Cerebral oxygenation was measured using a four-channel continuous-wave near-infrared spectroscopy (NIRS) system (Artinis Medical Systems BV, Zetten, Netherlands). Light was transmitted through a fibre-optic cable with sensors consisting of a transmitter and detector, using wavelengths of 775 nm and 845 nm to give relative changes in deoxygenated hemoglobin (HHb) and oxygenated hemoglobin (o2Hb). To measure cerebral oxygenation, we placed the transmitter and receiver 5 cm apart in a small black plastic holder 2 cm above the left eyebrow, secured by double-sided adhesive tape, and shielded it from outside light by having the client wear a dark headband. NIRS can be used as a non-invasive means to assess oxygen-saturation changes in cerebral tissue.22 NIRS follows changes in cerebral oxygenation, which can equate to changes in cerebral blood volume. Assessing cerebral perfusion and oxygenation during ambulation is difficult, but the use of NIRS allows normal ambulation while the oxygenation response is assessed during the unpredictable episodes of FOG.

Blood oxygen saturation (Spo2) was measured with a standard pulse oximeter (Ohmeda Biox 3740 Pulse Oximeter; Louisville, CO). Baseline BP, cerebral oxygen response, Spo2, and electrocardiogram (ECG; GE Case 12, GE Medical, Milwaukee, WI) recordings were obtained during a 10-minute seated rest before and continually throughout exercise. The treadmill protocol began at 2.68ċmin–1 and advanced in 2.68 mċmin–1 increments every 30 seconds unless symptoms or FOG necessitated modification. Exercise was terminated when the participant was physically unable to continue or reached a rating of perceived exertion (RPE) corresponding to “hard” or “very hard,” as measured on the numeric scale from the Cleveland Clinic Heart and Vascular Health and Prevention Web site.23

Results

Treadmill testing session 1 was conducted during the peak of the client's PD medication (on-phase), identified as the approximate time of maximum action of levodopa. The client was dyskinetic before taking his medication but became noticeably hypokinetic during resting/pretest measurements, approximately 30 minutes after taking the dose. His resting HR and BP were 73 bpm and 106/64 mmHg respectively, with Spo2 at 96% and a normal ECG. While on the treadmill (40 min after taking levodopa), he stated that his feet felt as if they were “glued to the floor.” He experienced two separate FOG episodes during this session. The first occurred approximately 6 minutes into the test, at a pace of 10.7 mċmin–1, and lasted about 1 minute. His HR and BP measured immediately after the FOG were 78 bpm and 104/76 mmHg respectively. Although Spo2 remained stable, the NIRS measuring cerebral oxygenation showed a reduction in both O2Hb and total hemoglobin (tHb). The decrease in O2Hb and tHb returned to baseline by the end of the first FOG episode (see Figure 1, first arrow; Table 1).

Figure 1.

Figure 1

Near-infrared spectroscopy during client's on-phase exercise session showing a reduction in oxygenated (red/thickest tracing) and total hemoglobin (green/thinnest tracing) from baseline values (marked by arrows) during two FOG episodes. (Y=start of exercise; C=3 on the rate of perceived exertion scale (RPE); D=4 on RPE; E=5 on RPE; F=6 on RPE; G=7 on RPE; K=FOG lasting approximately 1 min; L=walking; Z=end of exercise).

Table 1.

Rest and Exercise Variables during Session 1 (On-Phase)

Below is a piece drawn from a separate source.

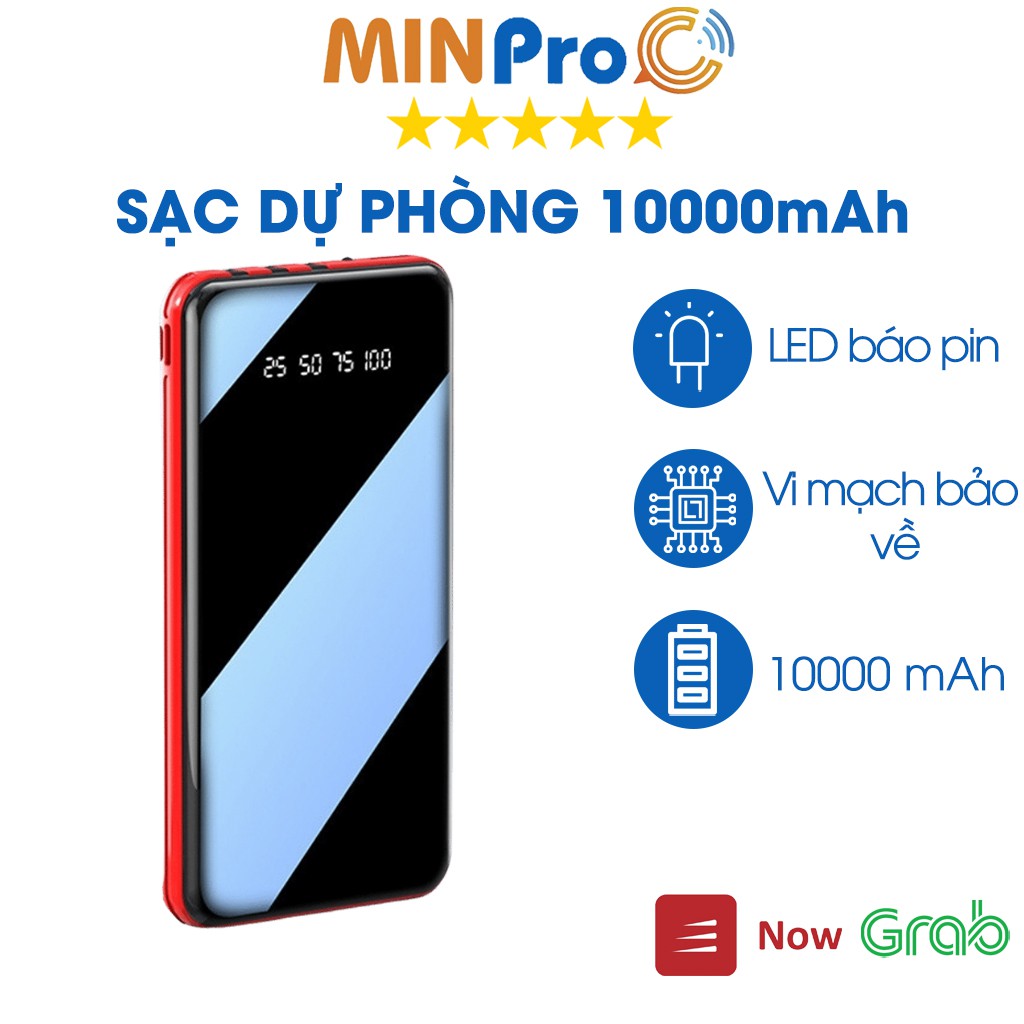 Pin sạc dự phòng 10000mAh hình chữ nhật mini, nhỏ gọn - MINPRO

Pace, mċmin–1 HR, bpm BP, mmHg Spo2 RPE Cerebral NIRS
O2Hb tHb
Prior to exercise 73 106/64 96 Baseline Baseline
FOG (episode 1) 10.7 78 104/76* No change Decreased Decreased
FOG (episode 2) 10.7 90 106/74* 96 Hard Decreased Decreased
Post exercise 75 102/70 Return to baseline Return to baseline
*

BP measured immediately following FOG episode.

mċmin–1=metres per minute; HR=heart rate; bpm=beats per minute; BP=blood pressure; Spo2=blood oxygen saturation; RPE=Rating of Perceived Exertion scale; NIRS=near-infrared spectroscopy; O2Hb=oxygenated hemoglobin; tHb=total hemoglobin; FOG=freezing of gait.

After the first FOG episode, the client continued walking at the same pace for an additional 3 minutes and 50 seconds. At this point, a second FOG episode occurred, which also lasted about 1 minute. The client's HR was 90 bpm during the episode; his BP was 106/74 mmHg immediately before and after (see Table 1). The RPE obtained before this FOG episode was “hard” (5/10–6/10). The NIRS again showed a significant drop in O2Hb and tHb; both responses returned to baseline after the second FOG episode (see Figure 1, second arrow). Exercise testing was terminated at this point, after 9 minutes and 50 seconds. No significant ECG or Spo2 changes were noted, and the client did not report any lightheadedness. We did not obtain BP measurements during either FOG episode because the client was holding tightly to the treadmill handrails in an isometric fashion.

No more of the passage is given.